Talk about having an impact on your job.

Just consider this proportional assessment: one out of 1,067.

Getting straight to the point, that means this: the zealous and frenetic work of one forensic laboratory's professed "most prolific analyst" secured criminal convictions in those cited 1,000-plus cases, only to have all but one of them dismissed last week for what a prosecutor in one county conceded was tainted lab evidence.

And that is far from the end of the tale as recounted in a national news report chronicling the "rogue lab chemist."

To wit: Prosecutors from six other counties (in Massachusetts) joined the above-cited attorney in a Boston courtroom and similarly dismissed convictions in their jurisdictions. In all, the mass dismissals -- termed by NBC News as "perhaps the biggest ever" -- numbered more than 21,000 cases.

That jaw-dropping development is clearly relevant everywhere across the United States, and certainly in North Carolina, where -- similarly to Massachusetts -- an appreciable number of inmates currently languish in state prisons following their convictions in low-level drug cases.

In Suffolk County, which includes Boston, less than 1% of the convictions that were obtained in cases involving the chemist's input (she served three years in prison after admitting to evidence tampering and forgery) survived.

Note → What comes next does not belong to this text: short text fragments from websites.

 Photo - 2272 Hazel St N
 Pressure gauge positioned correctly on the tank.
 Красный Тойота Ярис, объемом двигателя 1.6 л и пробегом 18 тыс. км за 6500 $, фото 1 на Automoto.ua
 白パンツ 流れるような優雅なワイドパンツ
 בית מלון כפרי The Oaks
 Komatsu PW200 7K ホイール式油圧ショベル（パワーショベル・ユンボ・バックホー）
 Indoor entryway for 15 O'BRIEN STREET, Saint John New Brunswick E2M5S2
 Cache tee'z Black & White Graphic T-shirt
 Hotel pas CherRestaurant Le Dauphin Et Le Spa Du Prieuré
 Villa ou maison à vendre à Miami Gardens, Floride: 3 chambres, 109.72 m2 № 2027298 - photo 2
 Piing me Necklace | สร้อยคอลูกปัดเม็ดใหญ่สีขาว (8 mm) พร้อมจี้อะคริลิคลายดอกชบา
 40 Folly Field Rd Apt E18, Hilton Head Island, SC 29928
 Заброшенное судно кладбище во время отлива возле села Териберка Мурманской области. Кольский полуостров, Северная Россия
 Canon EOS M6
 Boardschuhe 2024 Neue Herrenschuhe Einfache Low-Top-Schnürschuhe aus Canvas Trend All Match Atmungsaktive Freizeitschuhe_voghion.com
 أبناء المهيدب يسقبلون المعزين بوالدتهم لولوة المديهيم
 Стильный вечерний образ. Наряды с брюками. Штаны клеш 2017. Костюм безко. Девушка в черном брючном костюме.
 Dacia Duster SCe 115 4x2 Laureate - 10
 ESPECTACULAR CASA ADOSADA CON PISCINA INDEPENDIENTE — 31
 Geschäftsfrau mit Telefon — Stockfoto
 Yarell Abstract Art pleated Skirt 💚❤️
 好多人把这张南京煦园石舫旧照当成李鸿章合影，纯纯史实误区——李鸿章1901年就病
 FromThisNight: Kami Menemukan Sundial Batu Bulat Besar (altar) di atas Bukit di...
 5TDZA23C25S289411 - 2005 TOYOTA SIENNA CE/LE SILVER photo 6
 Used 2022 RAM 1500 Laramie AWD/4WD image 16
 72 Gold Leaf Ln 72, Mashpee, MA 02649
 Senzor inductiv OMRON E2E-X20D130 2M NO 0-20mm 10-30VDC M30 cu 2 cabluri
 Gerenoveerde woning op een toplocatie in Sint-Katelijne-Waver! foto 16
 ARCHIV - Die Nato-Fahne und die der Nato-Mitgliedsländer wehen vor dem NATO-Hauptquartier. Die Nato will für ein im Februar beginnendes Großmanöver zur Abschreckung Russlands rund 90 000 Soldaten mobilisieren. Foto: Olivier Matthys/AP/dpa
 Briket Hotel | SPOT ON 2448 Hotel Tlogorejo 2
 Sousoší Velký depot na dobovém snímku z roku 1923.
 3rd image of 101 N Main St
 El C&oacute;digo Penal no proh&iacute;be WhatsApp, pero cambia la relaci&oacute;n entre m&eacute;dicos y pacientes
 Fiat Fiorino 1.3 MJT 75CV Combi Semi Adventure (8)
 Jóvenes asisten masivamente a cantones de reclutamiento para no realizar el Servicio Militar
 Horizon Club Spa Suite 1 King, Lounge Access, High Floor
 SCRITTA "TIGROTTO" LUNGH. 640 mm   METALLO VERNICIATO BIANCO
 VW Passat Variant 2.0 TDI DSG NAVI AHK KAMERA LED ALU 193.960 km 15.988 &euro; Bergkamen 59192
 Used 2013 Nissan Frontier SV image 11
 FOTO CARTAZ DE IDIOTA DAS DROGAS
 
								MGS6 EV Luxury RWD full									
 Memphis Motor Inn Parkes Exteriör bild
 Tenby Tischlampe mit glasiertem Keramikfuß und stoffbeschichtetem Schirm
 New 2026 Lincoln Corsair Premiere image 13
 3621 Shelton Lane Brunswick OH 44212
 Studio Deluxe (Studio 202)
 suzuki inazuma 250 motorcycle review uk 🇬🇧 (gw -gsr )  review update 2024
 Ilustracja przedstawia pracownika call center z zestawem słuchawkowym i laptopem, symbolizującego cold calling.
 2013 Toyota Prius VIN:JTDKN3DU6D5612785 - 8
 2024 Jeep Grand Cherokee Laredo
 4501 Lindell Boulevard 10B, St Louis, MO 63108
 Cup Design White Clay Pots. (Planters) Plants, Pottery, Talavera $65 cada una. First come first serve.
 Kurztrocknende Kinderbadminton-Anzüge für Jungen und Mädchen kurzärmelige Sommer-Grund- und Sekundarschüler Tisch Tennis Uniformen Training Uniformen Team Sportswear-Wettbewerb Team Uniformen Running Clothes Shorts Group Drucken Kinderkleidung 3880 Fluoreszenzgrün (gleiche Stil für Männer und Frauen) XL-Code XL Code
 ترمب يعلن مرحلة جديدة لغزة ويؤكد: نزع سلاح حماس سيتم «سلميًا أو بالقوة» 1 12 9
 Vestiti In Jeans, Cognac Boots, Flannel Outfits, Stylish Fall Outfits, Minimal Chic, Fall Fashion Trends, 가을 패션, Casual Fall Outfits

Although the development is both right and logical, it does not remedy the injustice already suffered by legions of wrongfully convicted individuals. Commentators note that many of them had post-conviction problems finding employment and housing, and defendants in some instances received harsher stepped-up sentences involving other crimes because of their drug convictions.

We have stressed in prior blog posts how flatly imperative it is in every criminal matter for a defense attorney to view state's evidence with a due level of skepticism and subject it to withering examination.

Because, as starkly underscored in today's blog story, that evidence is sometimes flawed and can yield appalling outcomes.